Stored entries
========

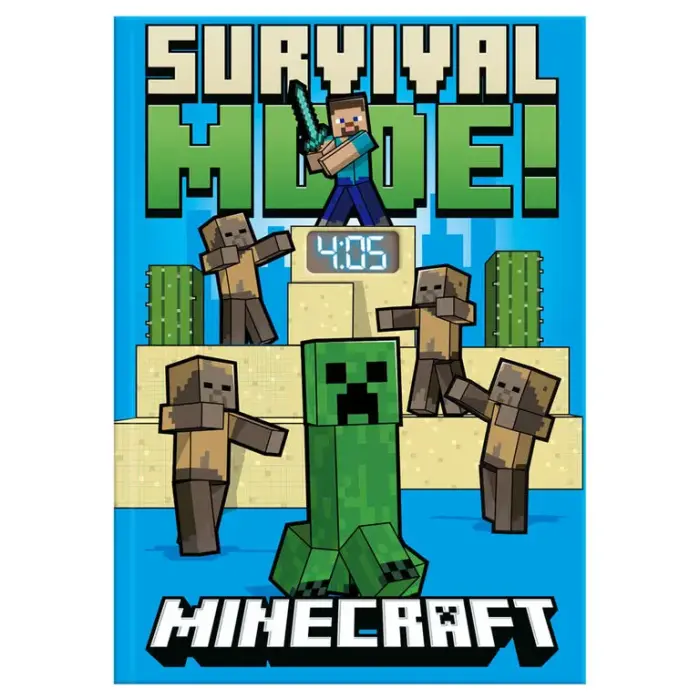 Minecraft блокнот с LED часами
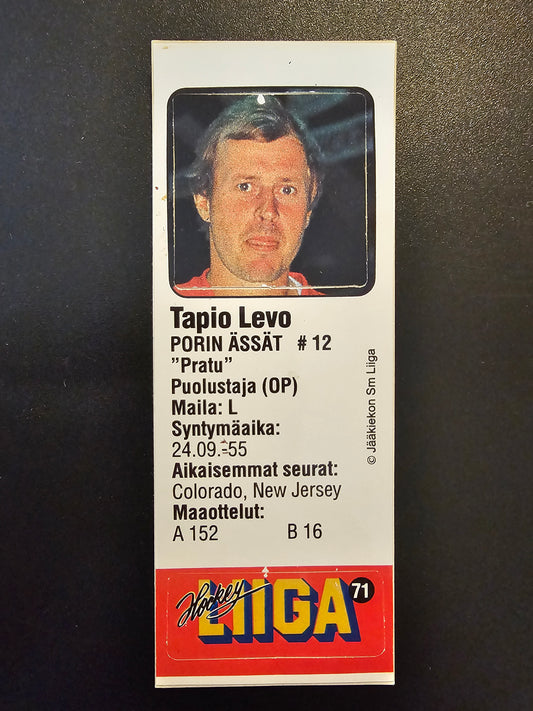 1991-92 JyväsHyvä HockeyLiiga - Tapio Levo #71 (Soikio)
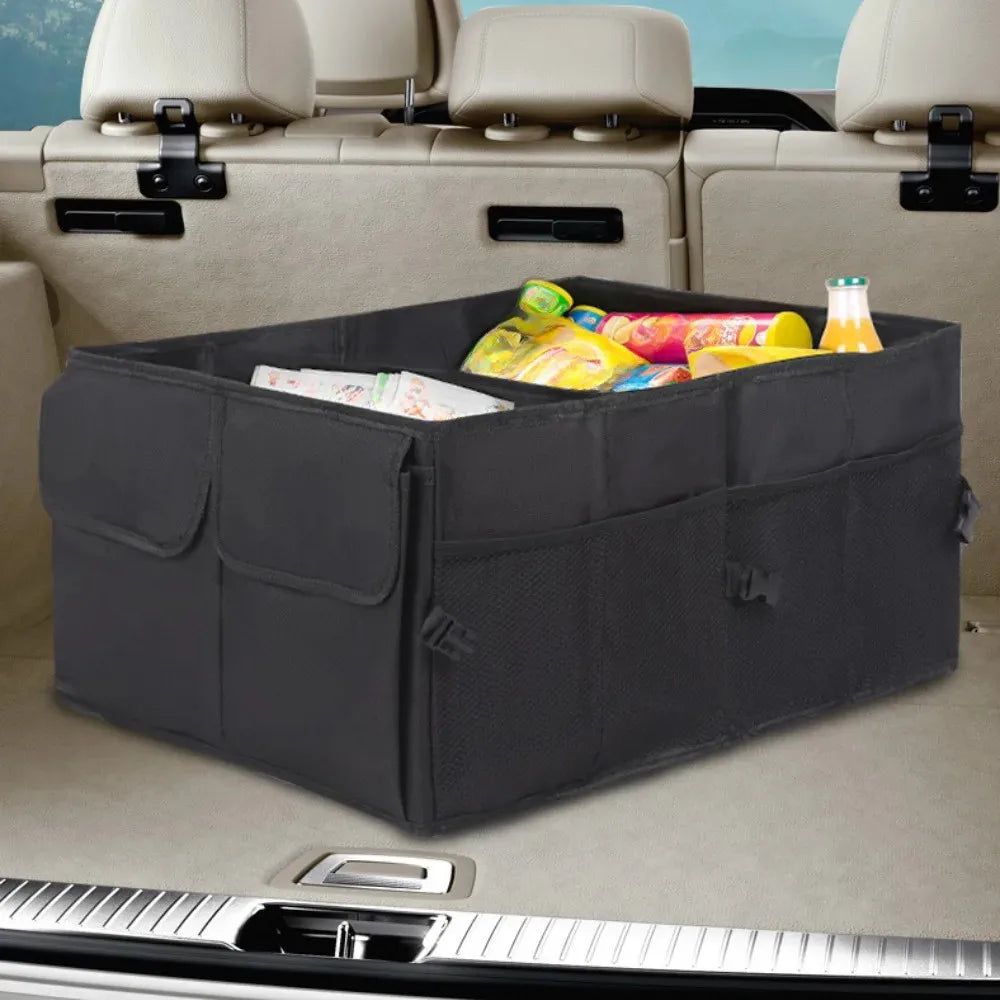 Car Boot Organiser 54 cm Collapsible Cargo Storage Box with Handles - Black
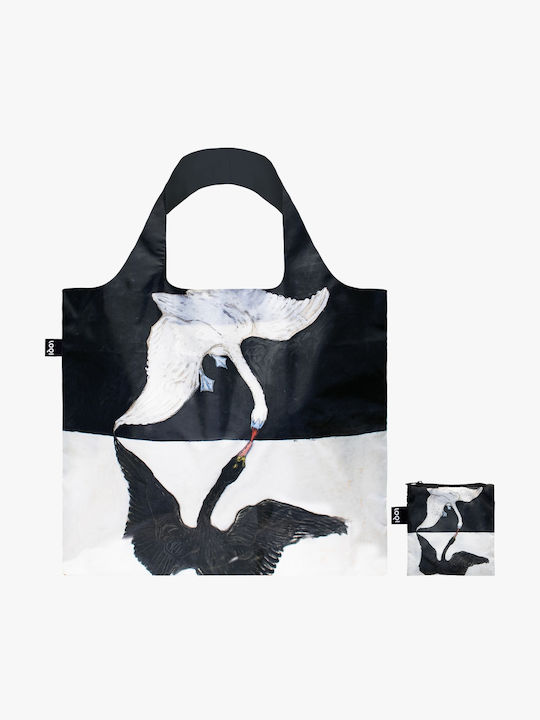 Loqi Recycled Hilma AF Klint - The Swan Υφασμάτινη Τσάντα για Ψώνια σε Μαύρο χρώμα Loqi Recycled Hilma AF Klint - The Swan Υφασμάτινη Τσάντα για Ψώνια σε Μαύρο χρώμα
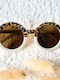 Rammelaartje Round Kids White Sunglasses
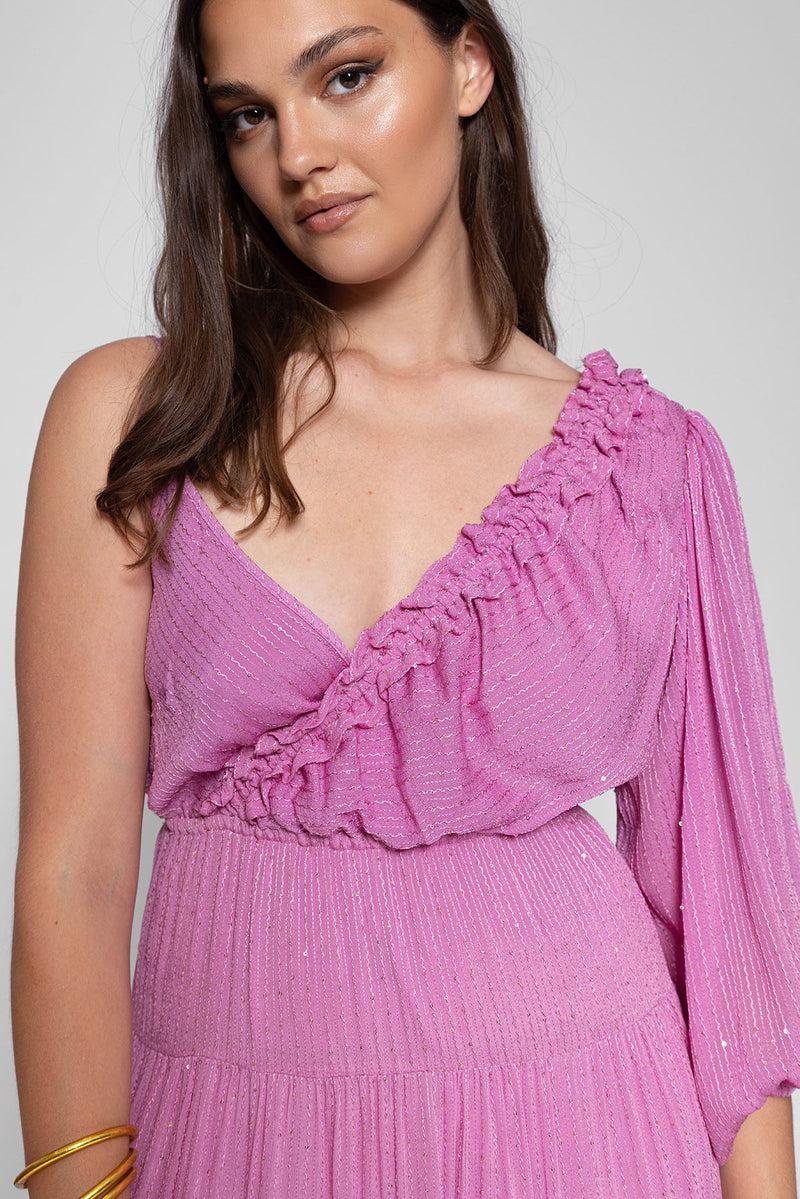 Sundress ARLETTE LONG DRESS CASSIS LILAS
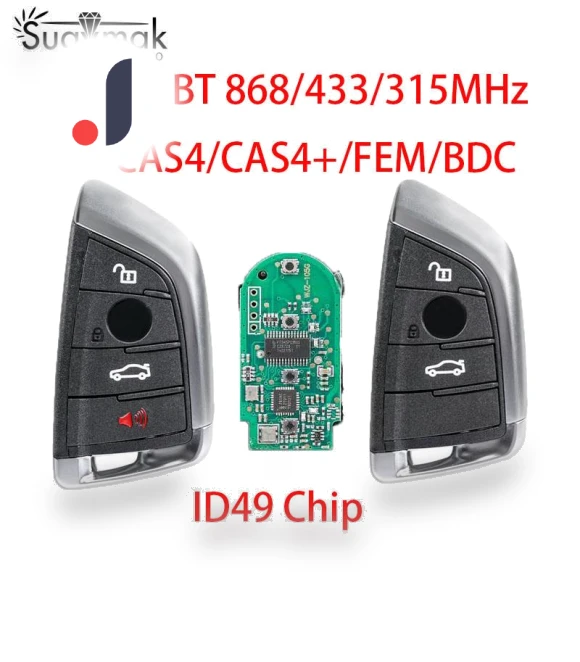 Smart Button Key Fob — Keyless Entry, SUAYMAK CK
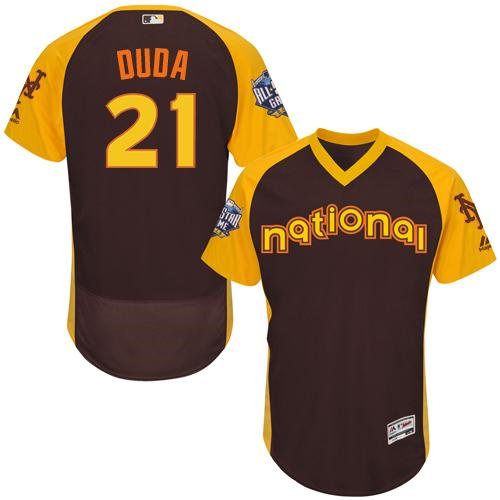 New York Mets 21 Lucas Duda Brown Flexbase Authentic Collection 2016 All-Star National League Baseball Jersey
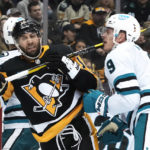 Couture leads Sharks past Penguins 6-4 to end four-game skid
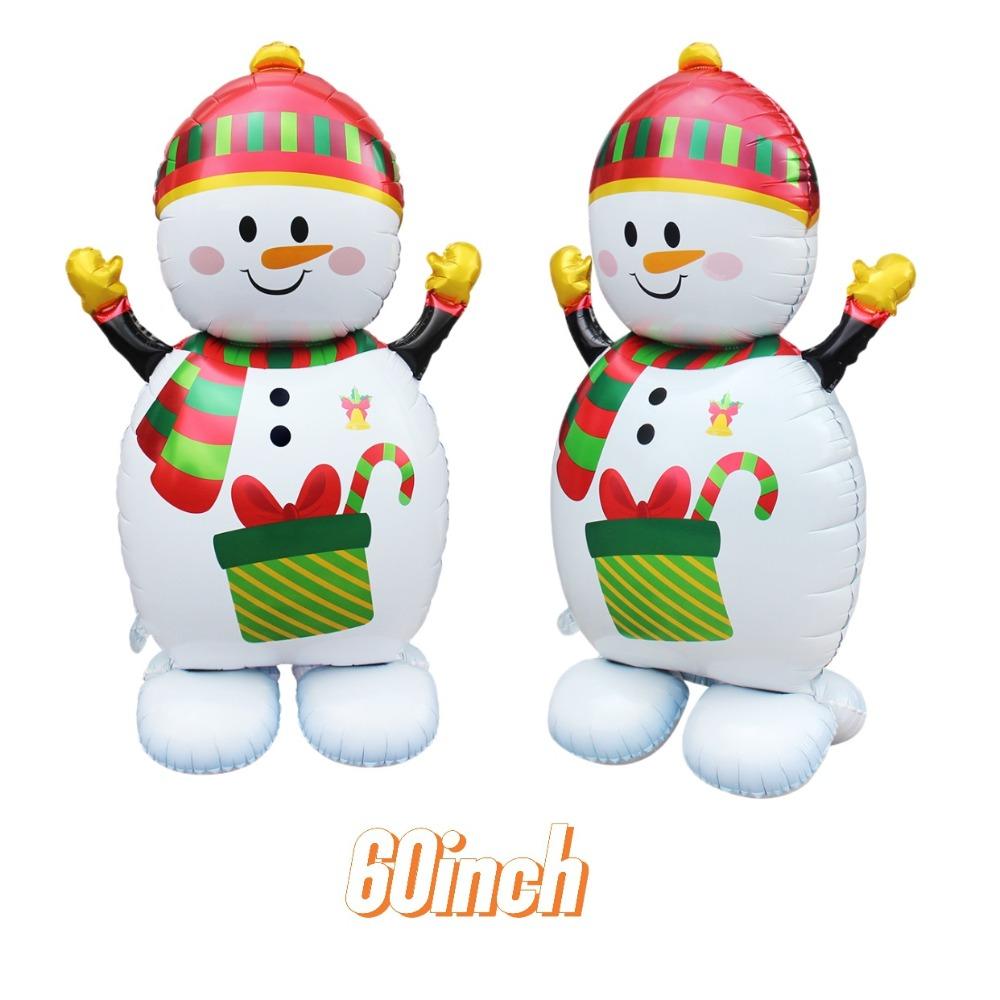 Giant Santa Claus Christmas Inflatable Foil Balloons Standing Balloons  Home New Year Party Supply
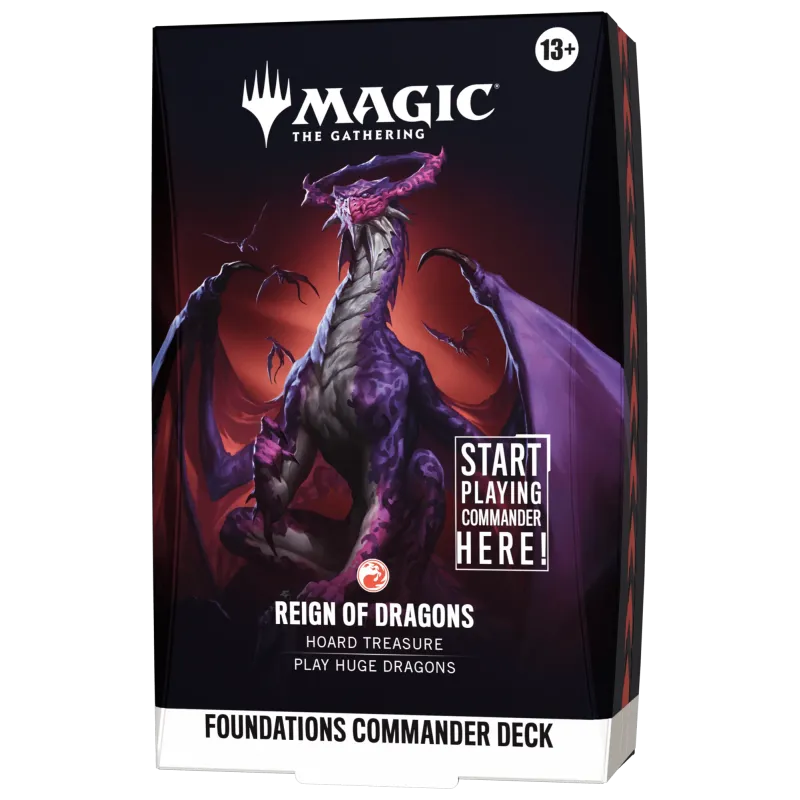 Commander Deck - Foundations Starter: Reign of Dragons - Magic The Gathering TCG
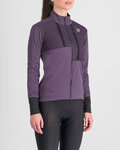 SPORTFUL Cycling thermal jacket - SUPERGIARA - purple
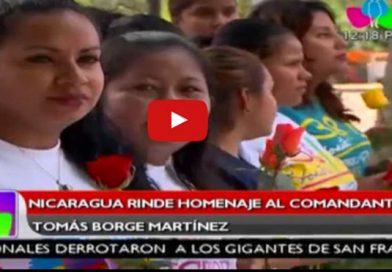 Nicaragua rinde homenaje al Comandante Tomás Borge Martínez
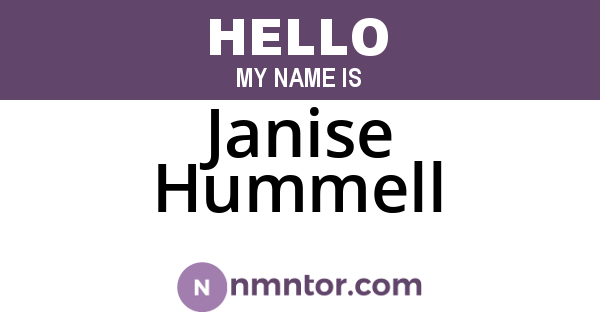 Janise Hummell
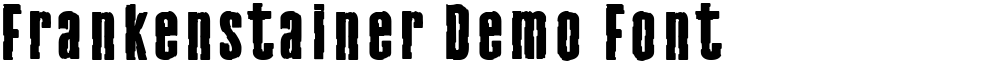 Frankenstainer Demo Font
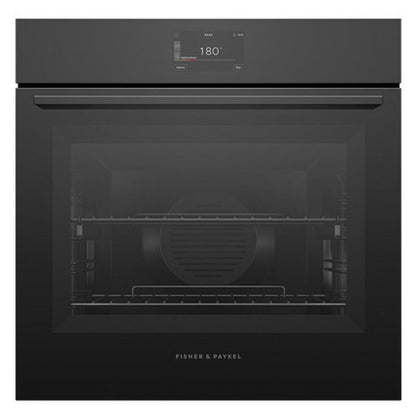 Fisher & Paykel 60cm Minimal Pyrolytic Oven - Black Glass (Series 7)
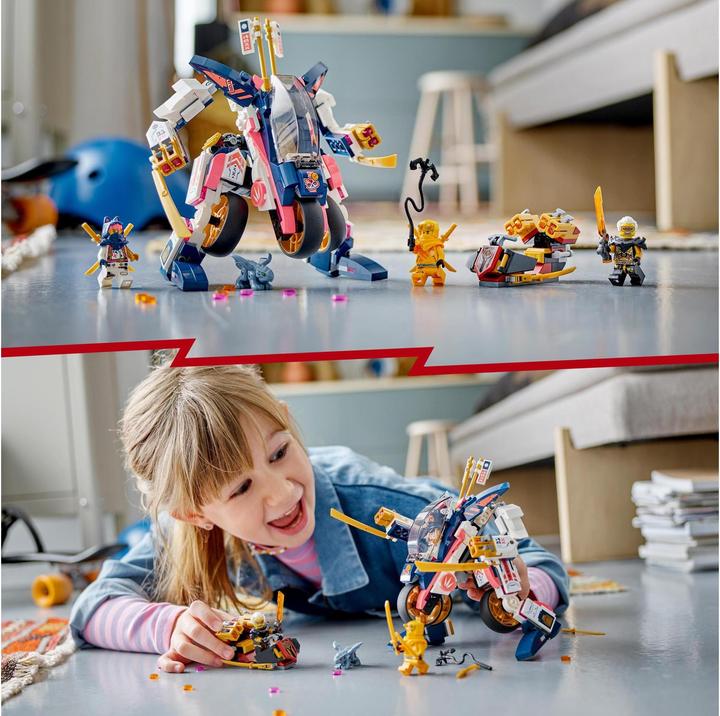 Produktbild LEGO Ninjago Soras Mech verwandelt sich in ein Rennrad (71792). (71792, LEGO Ninjago)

========

Write each line exactly as it appears, from the line that holds "Giant Santa Claus" through the closing line of the data above, and leave every picture out.

 Giant Santa Claus Christmas Inflatable Foil Balloons Standing Balloons  Home New Year Party Supply
 Commander Deck - Foundations Starter: Reign of Dragons - Magic The Gathering TCG
 SPORTFUL Cycling thermal jacket - SUPERGIARA - purple
 Nicaragua rinde homenaje al Comandante Tomás Borge Martínez
 Janise Hummell
 Frankenstainer Demo Font
 Fisher & Paykel 60cm Minimal Pyrolytic Oven - Black Glass (Series 7)
 Produktbild LEGO Ninjago Soras Mech verwandelt sich in ein Rennrad (71792). (71792, LEGO Ninjago)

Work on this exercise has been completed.